Bruce L. Dickson*, Angela M. Giblin

*Corresponding author for this work

    Research output: Contribution to journalArticle

    20 Citations (Scopus)

    Abstract

    Groundwater data-sets with pH and major cation-anion chemistry are widely available but data that include trace metals are much rarer. This paper examines two methods of data imputation to predict U concentrations using pH, major cations, anions and F in a data-set where some of the U concentrations are missing. The methods evaluated were self-organizing maps (SOM) and expectation maximization (EM). Evaluations were made using a groundwater data-set of 187 samples from NSW and Victoria, which contained a wide range of U concentrations up to 225 μg/l. Tests made by setting 25% and 50% of the U concentrations to missing showed that, at 25% missing, SOM gave reasonable estimates, identifying all the samples with higher U. EM did not clearly identify the higher samples. At 50% missing, neither method could accurately identify the higher U concentrations. Thus, imputation using samples with missing data included in the training data-set does not appear to be practical. However, a SOM pre-trained on a data-set with no missing U concentrations may be used to impute U concentrations for samples with 100% missing U data. Training using the original data-set and then imputing concentrations for a second set of 360 samples showed that the samples with higher measured U concentrations could generally be identified, but that other samples were also estimated to be U-rich.

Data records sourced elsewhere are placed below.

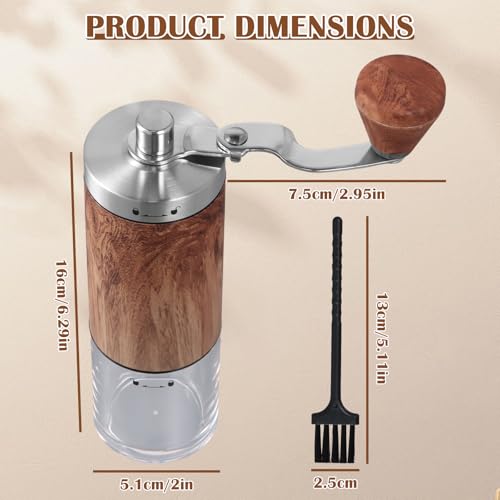 Compact Manual Coffee Grinder with Hand Crank and 5 Customisable Settings for Travel, Office, Camping, and Espresso - Image 2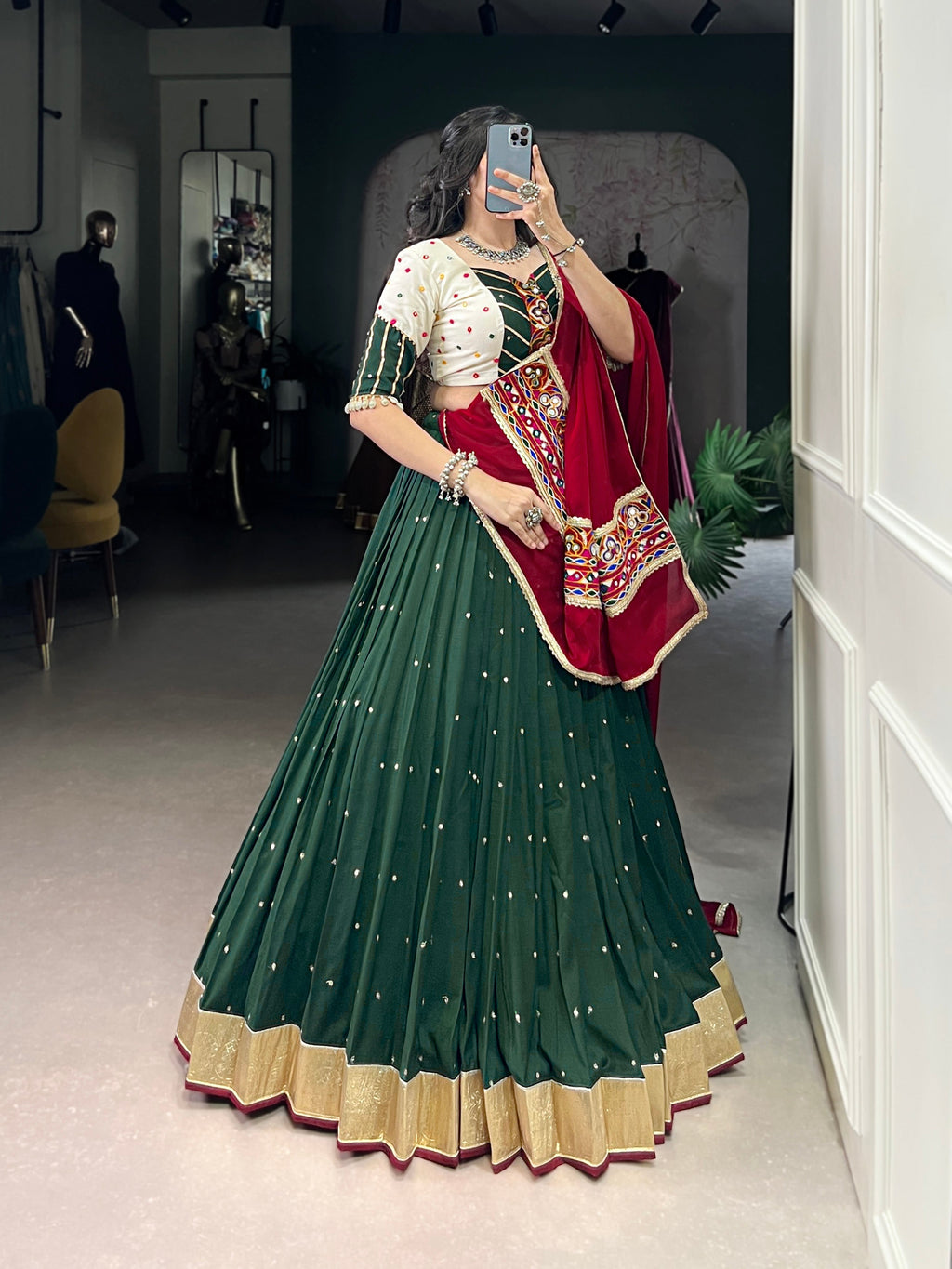 Lorenvalley Green Chiffon Sequins And Thread Embroidery Work With Embossed Design Lace Touch Up Lehenga Choli with Dupatta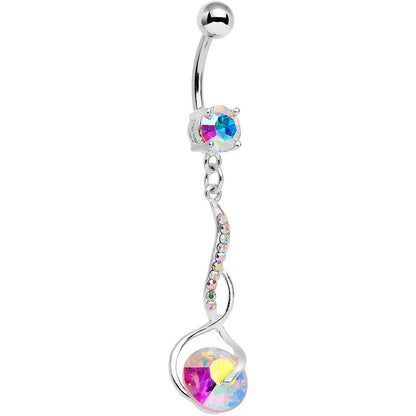 Aurora Gem Teriyaki Twisted Strip Drop Dangle Belly Ring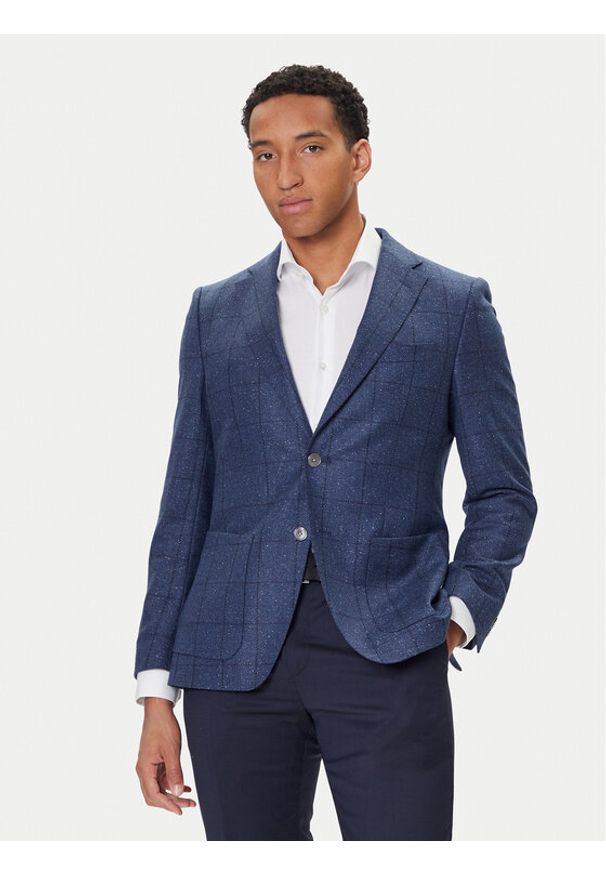 BOSS Marynarka H-Hutson 50551581 Niebieski Regular Fit. Kolor: niebieski. Materiał: wełna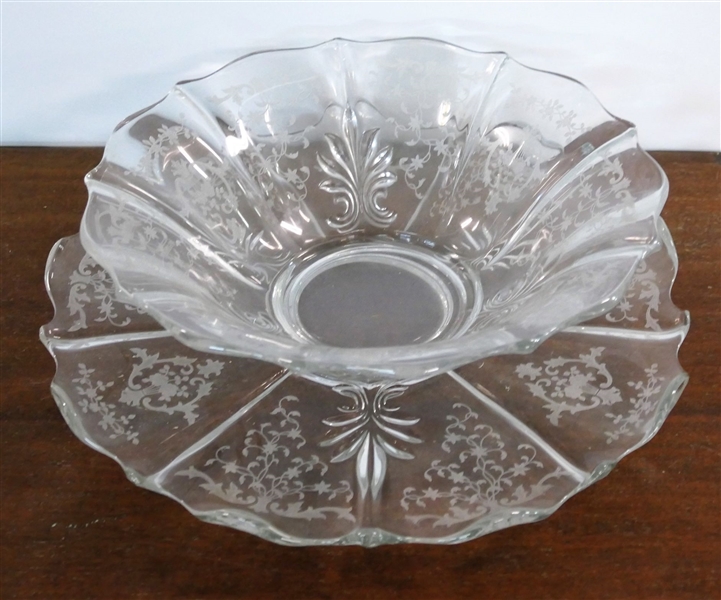 Cambridge Elegant Etched Glass Bowl and Underplate - Bowl Measures 11 1/2 across Platter 14" 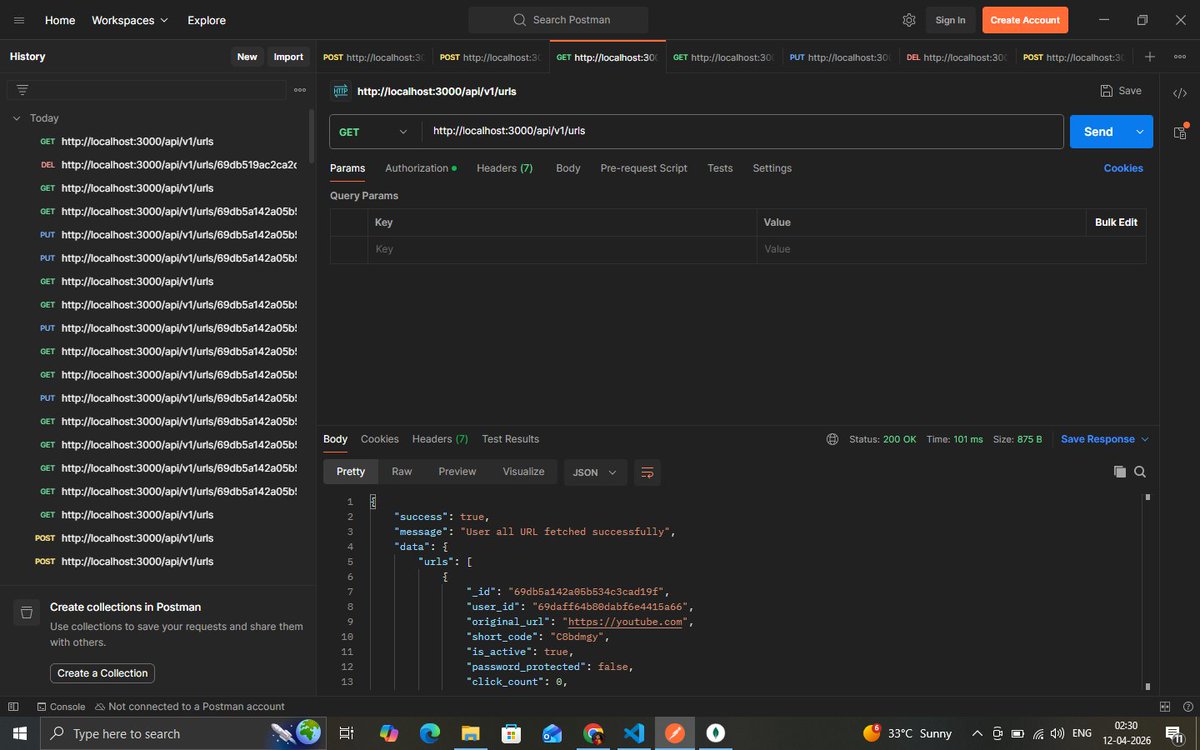 rasprogrammer's tweet photo. Short-URL Project Update!

Just completed the core backend for my URL shortener:

✅ Full CRUD API for URLs   
✅ Create, Read, Update & Delete endpoints   
✅ Redirection endpoint (short code → original URL)   ✅ Clean RESTful design

The API is now fully functional! Next up: Store clicks meta data + analytics.

#URLShortener #WebDevelopment #Backend #FullStack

This method could substantially reduce the number of samples in a large data-set requiring further investigation. The performance of imputation for U reflects the complex interaction of water chemistry, geology and mineralogy that actually determines the U concentrations. Imputation is a useful method for improving estimates of data statistics. SOM, through its model-free approach, is a useful addition to the numerical analysis toolbox for geochemists.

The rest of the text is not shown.